If you have a domestic building dispute (i.e. any dispute to do with the construction of a Victorian home) then the dispute has to be referred to the VCAT.

Regardless of the parties to the dispute, whether it be a dispute between an owner and a builder, or a residential subcontractor, an engineer or an architect, the disputants have to have their differences of affairs resolved at the VCAT.

To issue proceedings, one files a claim in the VCAT. If the dispute is for less than $10,000, legal representation is barred unless the tribunal grants leave.

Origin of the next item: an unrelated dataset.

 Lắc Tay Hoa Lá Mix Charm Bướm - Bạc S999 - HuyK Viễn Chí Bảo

There will usually be a directions hearing and the parties will be required to file a statement of claim and if there is any contrary view as regards to the claimant’s entitlement, the respondent will lodge a defence and maybe a counterclaim. At some stage there will be an order for discovery whereby the parties have to furnish all documents relating to the dispute and in most building disputes technical experts will be retained to provide evidence on defects and costs of rectification.

Your choice of expert, just like your choice of lawyer, is often critical to the winning or losing of a case, so for God’s sake make sure you get a top construction lawyer and a well-credentialed technical expert witness.

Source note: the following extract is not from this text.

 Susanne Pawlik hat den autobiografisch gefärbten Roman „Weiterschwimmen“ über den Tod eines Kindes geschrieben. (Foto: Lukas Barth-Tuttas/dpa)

As a general rule, within three months of the claim being filed the matter will be referred to mediation. Both sides have to attend the mediation – often with solicitors in tow – and mediators do their very best to try to settle the matter. Alas, if it doesn’t settle, the dispute finds its way to a compulsory conference (CC).

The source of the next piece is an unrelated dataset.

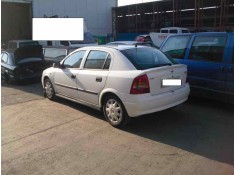 opel astra g berlina del año 2000 2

The CC will occur ordinarily from six to nine months after the claim is issued. The difference between a CC and a mediation is that a CC convener – a tribunal member – will often proffer a view on who would be most likely to win the case. This often proves to be a powerful dispute resolution incentive. Mediators, on the other hand, are not allowed to proffer an opinion on chances of success as their mandate is limited to facilitation or cajolement.

If the dispute does not settle at either the mediation or the CC, it will be listed for trial before a tribunal member. Trials tend to run for weeks, cost a bundle and are nerve-wracking affairs. The winners often don’t get their costs back – little wonder that more than 90 per cent of cases never end up in trial.